_TASK OBJECTIVE_
All records, minus the pictures: write them out exactly.

Collection entries
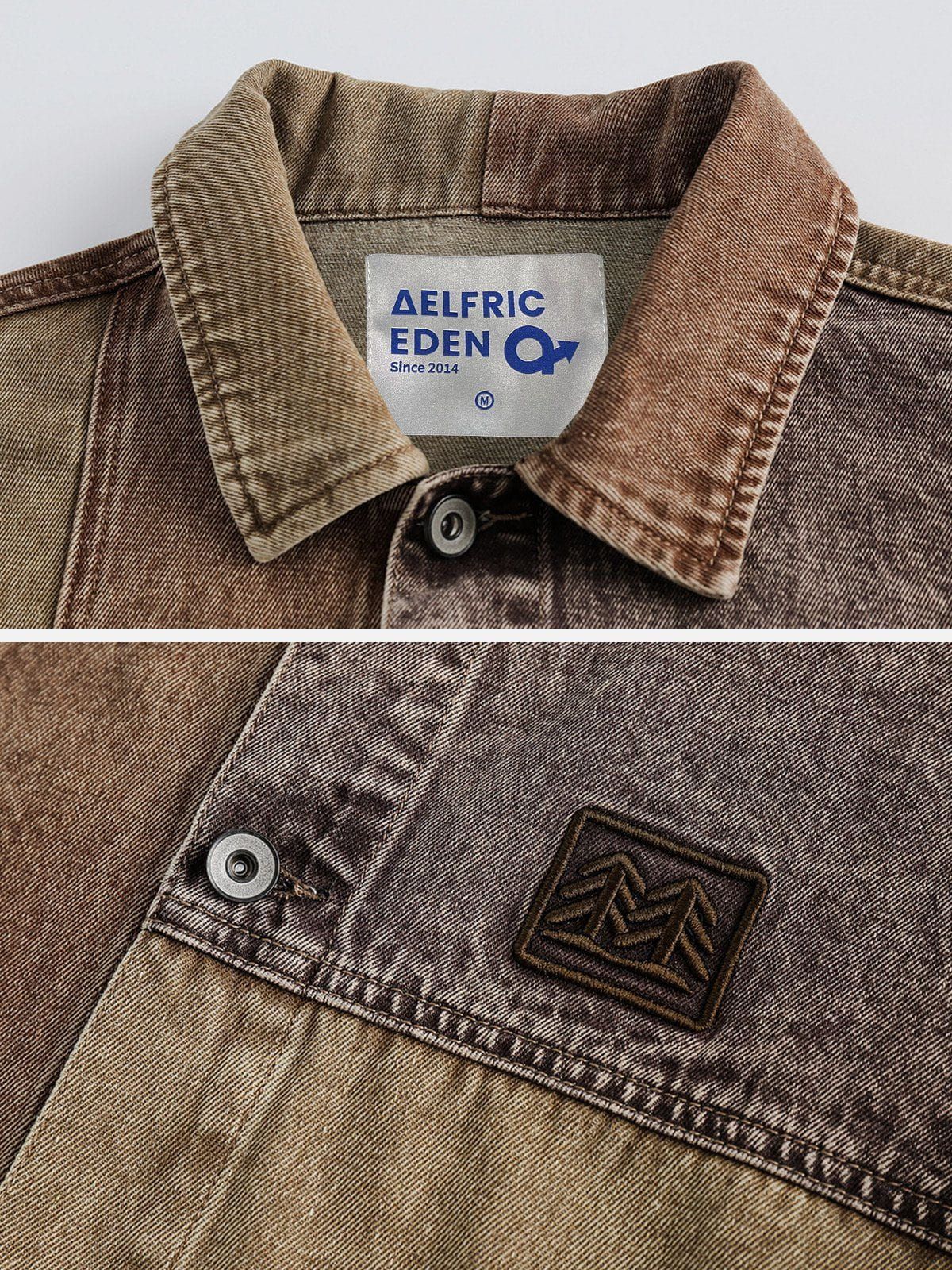 Aelfric Eden Washed Patchwork Denim Jacket sold by Aelfric Eden product image thumbnail 3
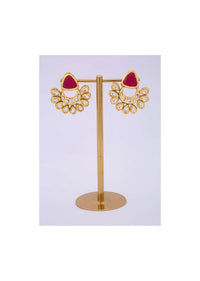 Polki Kundan chandbali earring with pink stone only on kalki
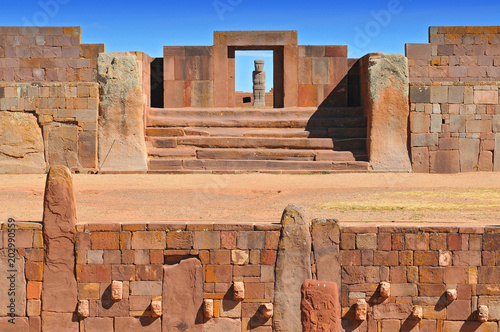 Temple Kalasasaya, an important pre Columbian Archaeological Site in Tiwanaku, Bolivia. photo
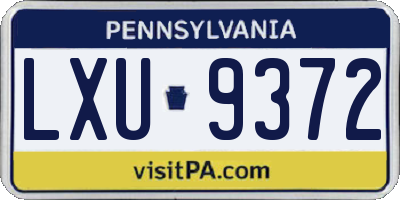 PA license plate LXU9372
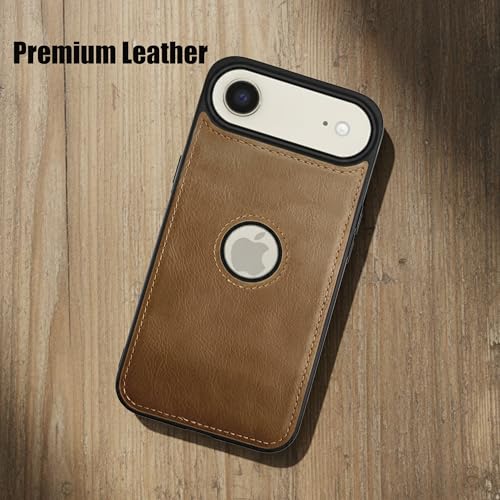 Image of Leather Case for Apple iPhone 17 Air Premium Protective Stylish Slim Cover with Shockproof Raised Edges Brown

_ANSWER SPACE_
 Aelfric Eden Washed Patchwork Denim Jacket sold by Aelfric Eden product image thumbnail 3
 Polki Kundan chandbali earring with pink stone only on kalki
 Temple Kalasasaya, an important pre Columbian Archaeological Site in Tiwanaku, Bolivia. photo
 PA license plate LXU9372
 Image of Leather Case for Apple iPhone 17 Air Premium Protective Stylish Slim Cover with Shockproof Raised Edges Brown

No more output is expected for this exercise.